• _Exercise objective_
The answer is to be the data that follows, transcribed exactly, minus its pictures.
== Provided records ==
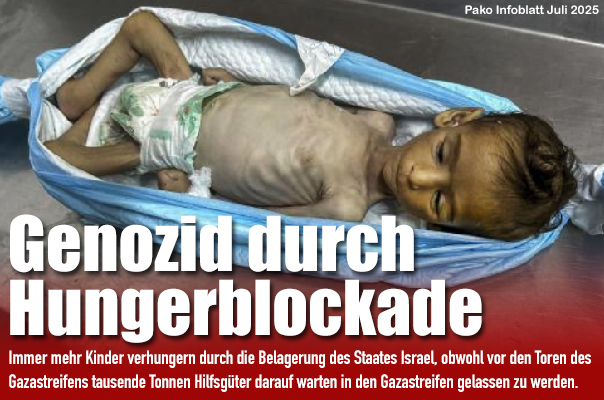 Pako Infoblatt Juli 2025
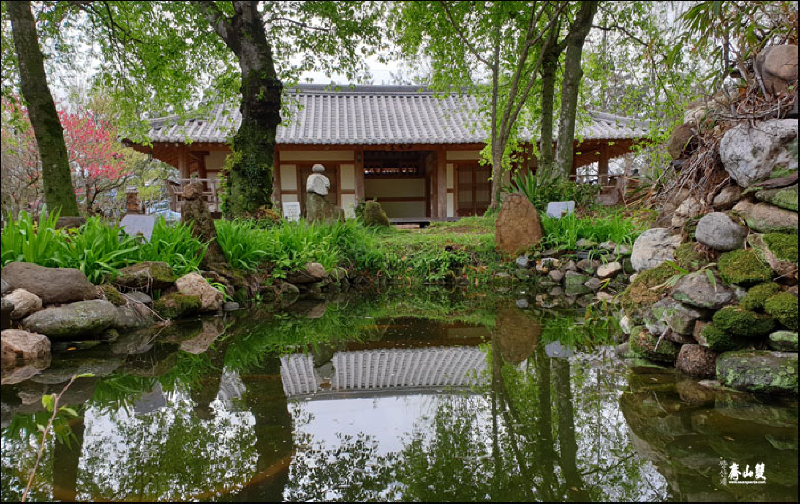 생방송투데이 스카이바이크&#44; 쌍산재&#44; 향나무숲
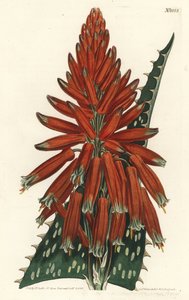 Aloes macule - 肥皂或斑马芦荟，Aloe maculata（斑叶芦荟，Aloe picta）。F. Sansom Jr.根据Sydenham Edwards的插图进行的手绘铜版画，出自William Curtis的植物学杂志，T. Curtis，伦敦 作者 西德纳姆·泰斯特·爱德华兹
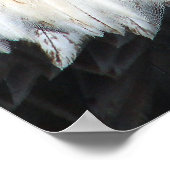 Amerikaanse Bald Eagle Poster (Hoek)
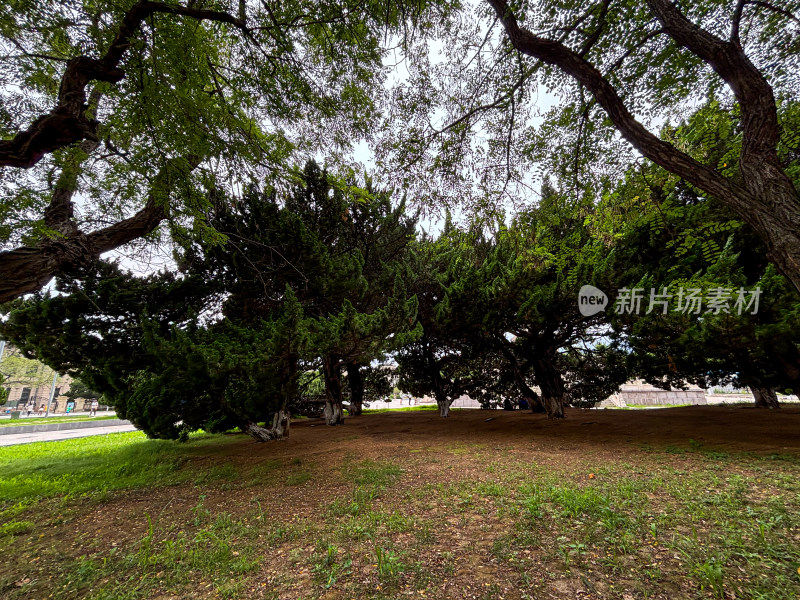 大连旅顺口日俄战争西炮台遗址里的植物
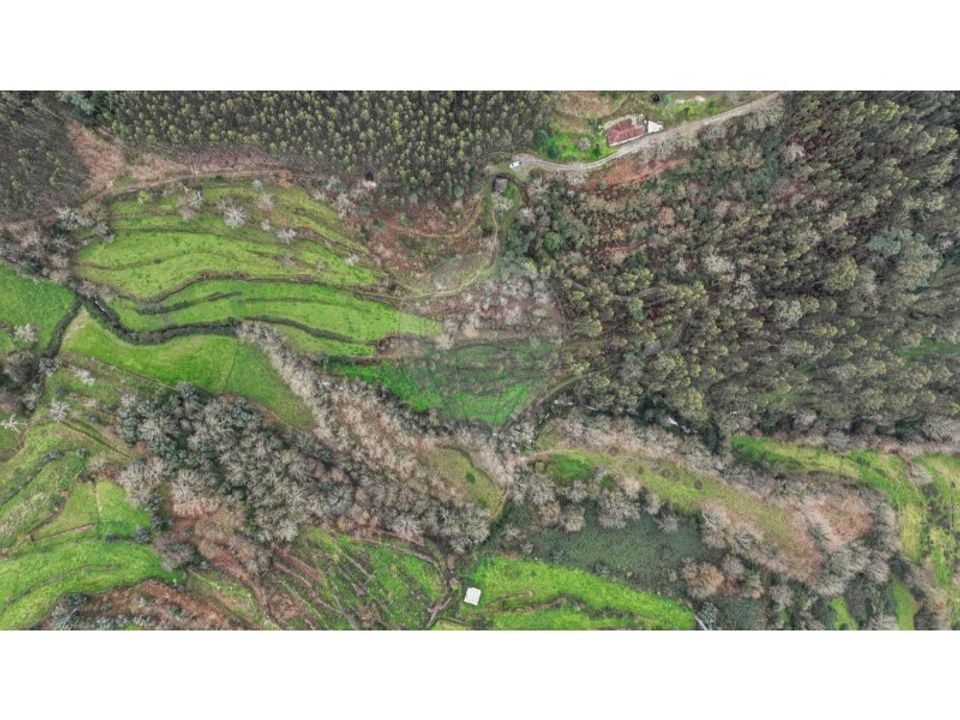 Land in Chorense e Monte, Braga - photo 4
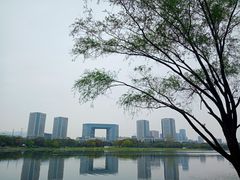 -渤公岛生态公园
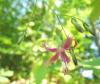 Prenanthes purpurea Věšenka nachová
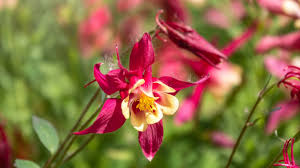 Image result for Aquilegia pompom mix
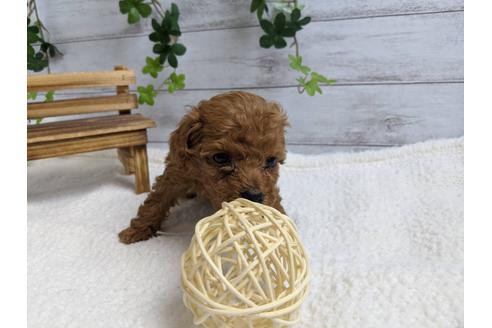 成約済の静岡県のトイプードル-88458の1枚目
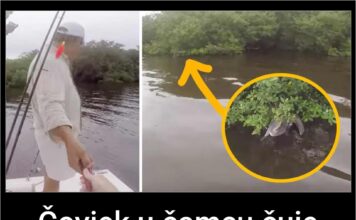 Čovjek u čamcu čuje šuštanje iz žbunja – uključuje kameru i prilazi bliže Čovjek u čamcu čuje šuštanje iz žbunja – uključuje kameru i prilazi bliže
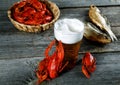 Tasty boiled crayfishes vyaleny fish and beer Royalty Free Stock Photo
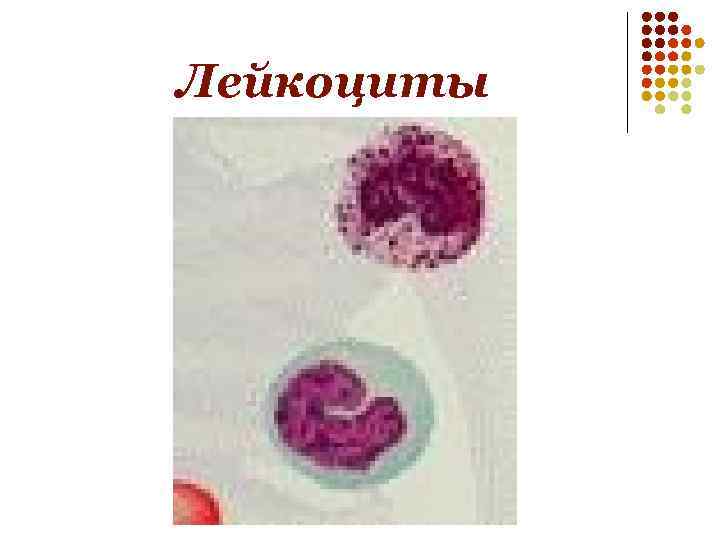 Лейкоциты 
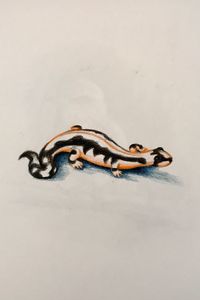Drawing - Newt (Lorestan)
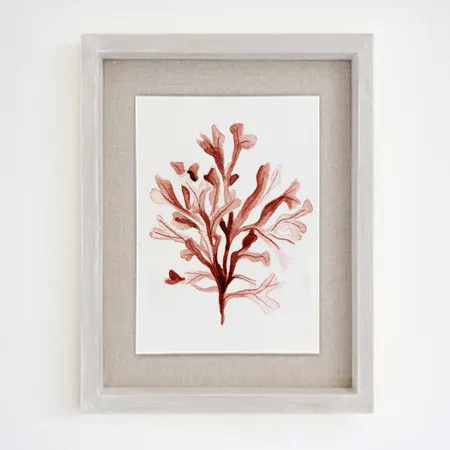 Product 6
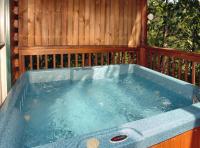 Buddy Bear #249 - Ferienwohnung Pigeon Forge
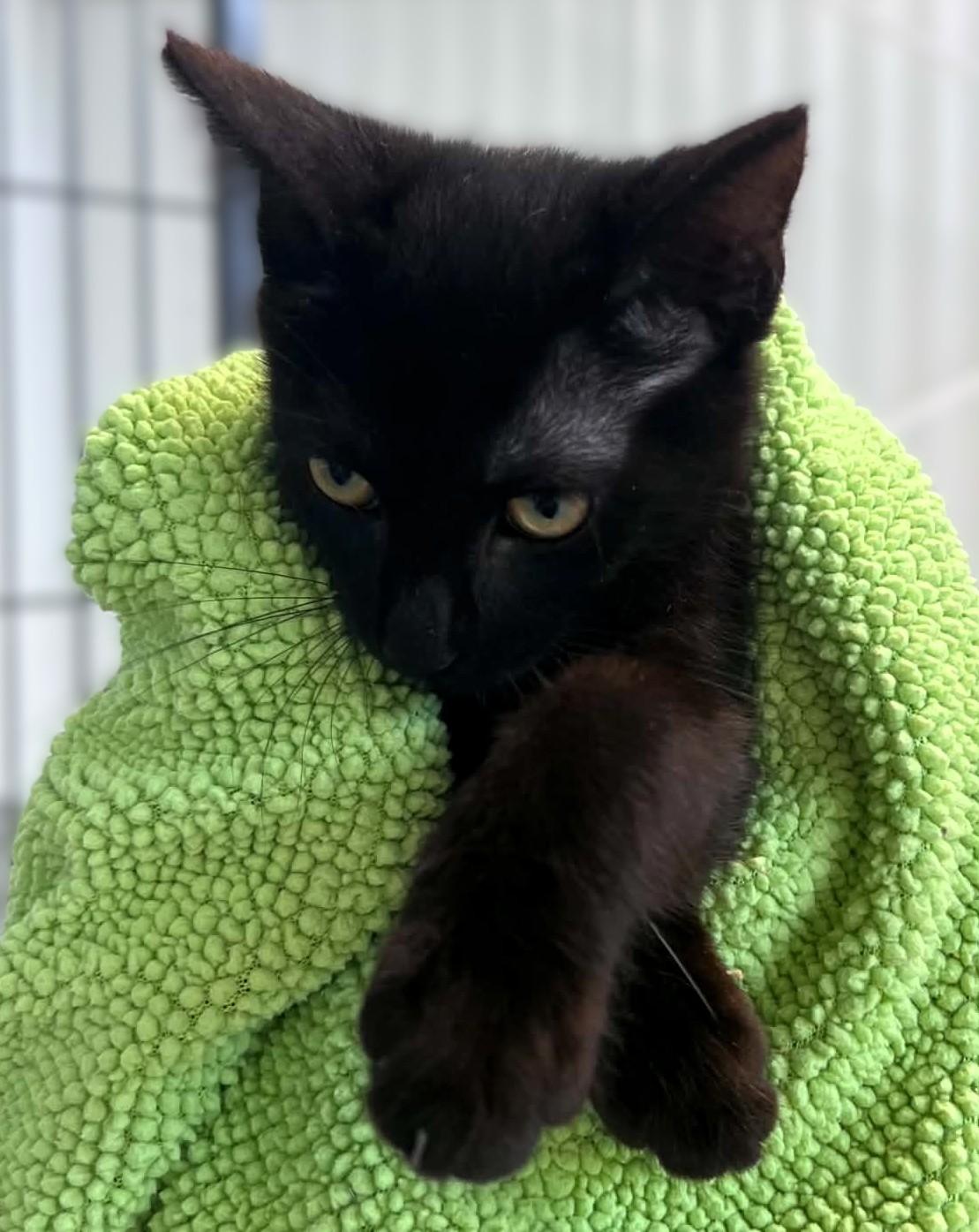 Jacob, Adopted, Kitten Male Domestic Short Hair.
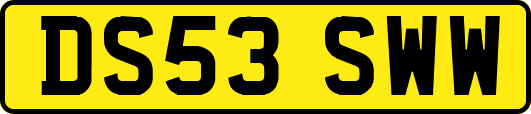 DS53SWW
===
• _Your solution_
 Pako Infoblatt Juli 2025
 생방송투데이 스카이바이크&#44; 쌍산재&#44; 향나무숲
 Aloes macule - 肥皂或斑马芦荟，Aloe maculata（斑叶芦荟，Aloe picta）。F. Sansom Jr.根据Sydenham Edwards的插图进行的手绘铜版画，出自William Curtis的植物学杂志，T. Curtis，伦敦 作者 西德纳姆·泰斯特·爱德华兹
 Amerikaanse Bald Eagle Poster (Hoek)
 大连旅顺口日俄战争西炮台遗址里的植物
 Land in Chorense e Monte, Braga - photo 4
 -渤公岛生态公园
 Prenanthes purpurea Věšenka nachová
 Image result for Aquilegia pompom mix
 成約済の静岡県のトイプードル-88458の1枚目
 Čovjek u čamcu čuje šuštanje iz žbunja – uključuje kameru i prilazi bliže Čovjek u čamcu čuje šuštanje iz žbunja – uključuje kameru i prilazi bliže
 Tasty boiled crayfishes vyaleny fish and beer Royalty Free Stock Photo
 Лейкоциты 
Drawing - Newt (Lorestan)
 Product 6
 Buddy Bear #249 - Ferienwohnung Pigeon Forge
 Jacob, Adopted, Kitten Male Domestic Short Hair.
 DS53SWW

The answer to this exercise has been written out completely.